Mr. Capasino and Nelly – Poconos Neighbors – 6/15/2025 5:49:06 AM
Mr. Capasino is the life I always wanted and admired. As a child, I saw him work in his garage on woodworking for building a birdhouse to arrows for my bow string. The arrows did not work but He was a man of his word. He took care of his wife Nelly, who was very sick and needed oxygen to survive. They were an old couple. And most of his life has been spent reading national geographic. I would sit there and build my visual library as they call it today. He took me to get haircuts and he even let me buy cigarette candies. I used to get in his car and go to the home improvement and gardening shop and help him. He liked having me around. I would sit there and watch him work. It was very boring in birches III. And I found a friend in Mr. Capasino. He was old school and traditional. I was reserved and observant. I marveled at all the supplies he had in his garage. He liked working with his hands. He didn’t say much but his actions spoke louder than his words. He was a very close friend. The only reason I agreed to willingly go to Poconos. Now it’s a ghetto.
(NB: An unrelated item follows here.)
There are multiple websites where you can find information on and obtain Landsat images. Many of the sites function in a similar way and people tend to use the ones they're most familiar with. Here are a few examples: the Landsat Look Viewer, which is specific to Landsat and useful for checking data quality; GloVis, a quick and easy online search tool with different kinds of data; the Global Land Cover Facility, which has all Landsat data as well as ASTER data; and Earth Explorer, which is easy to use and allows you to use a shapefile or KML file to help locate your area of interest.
But at the time it was lush farmland. The moral of the story is this. Never overstay your welcome. Sometimes, it is better to end on good terms then to wait for bad terms. I have to say my brother was conceived in that red house of ours. And I remember when it was a couple of cinder blocks. What did my family gain from living there. They might have thought ahead but they never dealt with the day’s problems. They would have then found that their family was built on a solid foundation. Not some wishy-washy quicksand. Thick as shit. That’s what family is about. If you disagree ask the closest family member in your family that you had the last disagreement with. They are probably remorseful now. So do not be too quick to judge. For judge not lest ye be judged. In closing, you are missed. I will forever remember you was the bedrock of marriage and holy matrimony.